Danny Ferry's contract is running out. If Dan Gilbert doesn't retain him, or Ferry elects to pursue other avenues, the Cavs will have no head of basketball operations until they hire someone else.
Then there is the LeBron soap opera. He'll be a free agent on July 1, and a few teams -- Cavs included -- might be kicking around the idea of signing him. In case you hadn't heard.
And even if LeBron, Brown and Ferry all return next season, there is simply no way the Cavs can endure the playoff humiliation they just endured without some organizational scarring. It's safe to assume the "team of destiny" mindset and can-do attitude that permeated the organization over the past two seasons will be severely withered, if not entirely dead. Even with mostly the same team returning next year, any optimism will likely be diluted with caution, or even outright cynicism. Even if the players and coaches try to fight it, it's going to be impossible to escape the widespread criticism from the fans and media.
For certain, no one who follows the NBA will be predicting the Cavs to even sniff the Finals in the spring of '11, LeBron or no LeBron.

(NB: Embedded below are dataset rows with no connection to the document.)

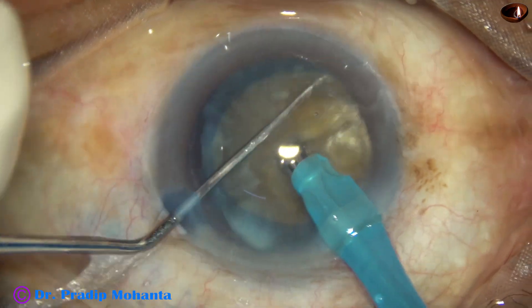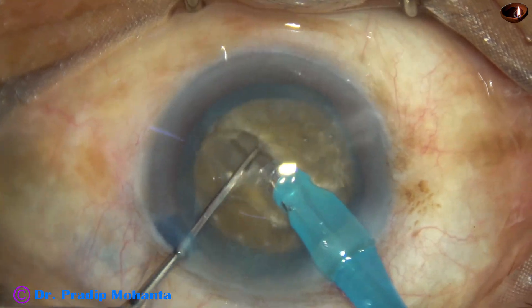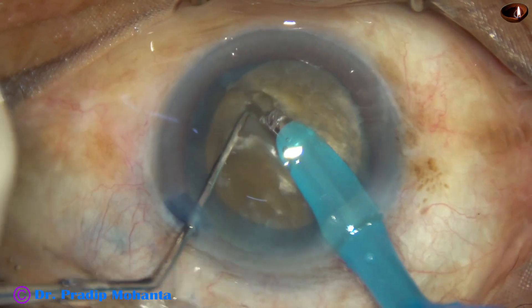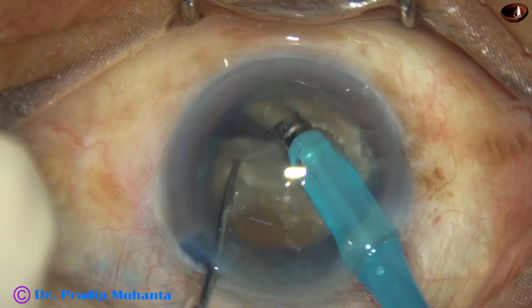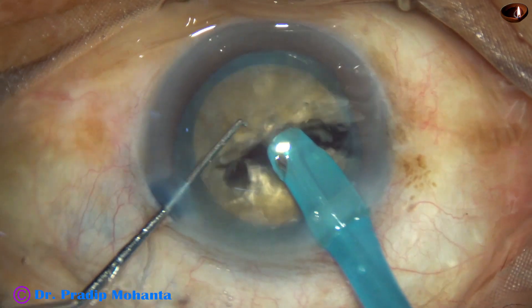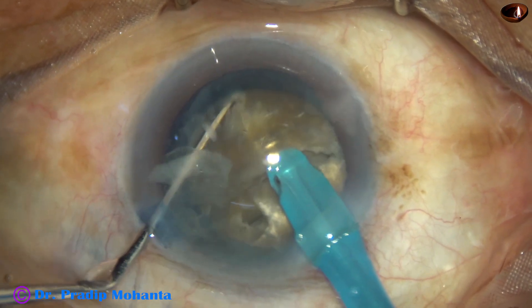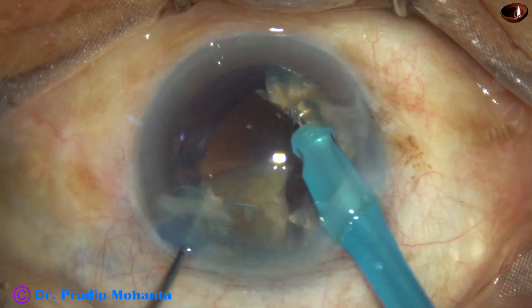The nucleus is rotated 180 degrees, a few sculpts are done to go to a deeper plane, and then the nucleus is divided completely into two hemi-nuclei. Each hemi-nucleus is then subdivided into two large fragments.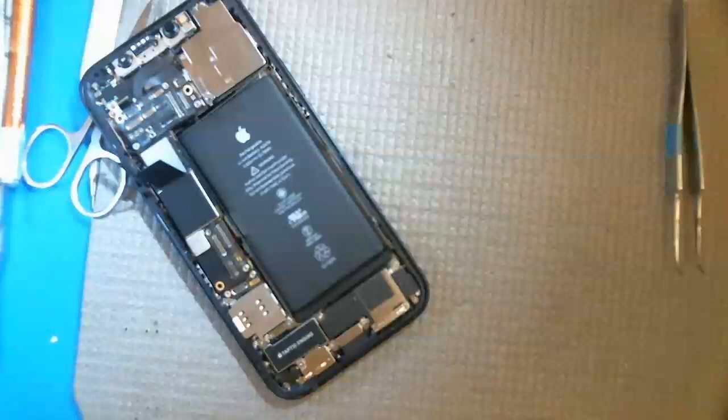Looking under the scope — you've got a foam double-sided adhesive here, no big deal. Put a little isopropyl alcohol, separate it, and you separate this as well. This flex leads down here, which I think is the power button. You separate this, but you also have to take out this big camera, unscrew these, remove this entire antenna just to get the logic board out.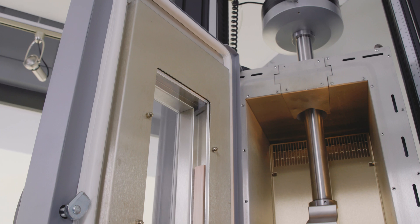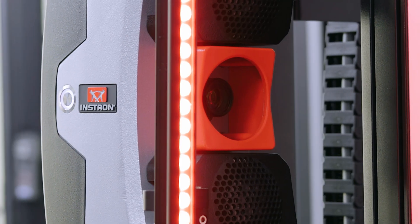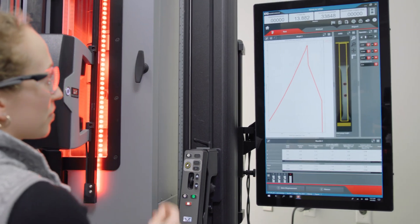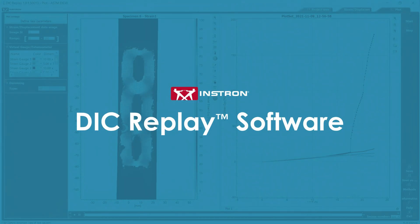All Instron chambers have a heated optical quality glass window to minimize frosting and misting when testing at low temperatures. This allows the use of our AVE2 video extensometer for strain measurement through specimen failure. The AVE2 records images of the test which can be used for synchronized playback or post analysis using digital image correlation software. We recommend the AVE2 with a chamber because of its ease of use, its ability to be used through break on all types of materials including high elongation materials, and since it sits outside the chamber, it has higher temperature limits.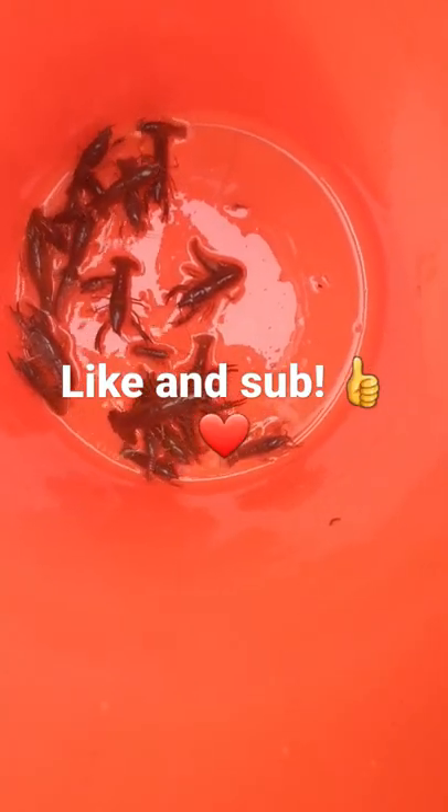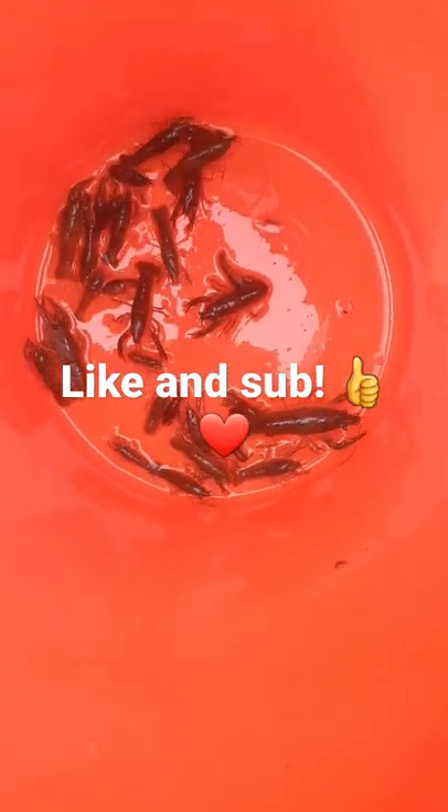All right, let's see how many we got in our bucket. Well, we caught 30 of them! Like and subscribe for more.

They now have a richly-deserved reputation as a regular-season dynamo that can't win in the playoffs. The Dallas Mavericks of the East.
If LeBron does re-sign with the Cavs, it's possible that the honeymoon between he and his home region fans will have ended. He simply withdrew from serious competition for the balance of three games against Boston, all blowout losses. His reputation took a major hit in Cleveland and throughout Northeast Ohio.
If LeBron does re-sign, we'll still appreciate him and we'll still cheer for him, but the elephant is now in the room. He quit on us during a time when he had everything to play for. No matter what he does in the regular season, the footnote at the bottom of the page will say "He'll just choke in the playoffs again." It will be that way until he wins a title.
And that's if he comes back. If he signs elsewhere, hell be reviled every bit as much as Art Modell. This is the new reality for the Cleveland Cavaliers.
So where do they go from here? The Cavs need more than sanding and polishing. It's not just about acquiring guys to match up with Dwight Howard or Rashard Lewis anymore. The Cavs, as an organization, have some questions to answer about who they are and what they want to be moving forward.
If I was a basketball doctor, this is the prescription I'd write. It's not a cure-all, but it might get this team on a 12-step plan to recovery.
Mike Brown does need to go.
Say what you will about scapegoating the coach, but it's time for new blood on the sideline. It's time for a new voice in practice and in the locker room.
Brown is a typical example of a coach who no longer fits his role. The Cavs have changed a lot since Brown took the helm prior to the 2005-06 season. Back then, the Cavs were an undertalented group that lacked discipline and good basketball fundamentals. Brown was the protege of quality coaches such as Gregg Popovich and Rick Carlisle. He understood that defense can take a team that lacks offensive talent and turn it into a winner.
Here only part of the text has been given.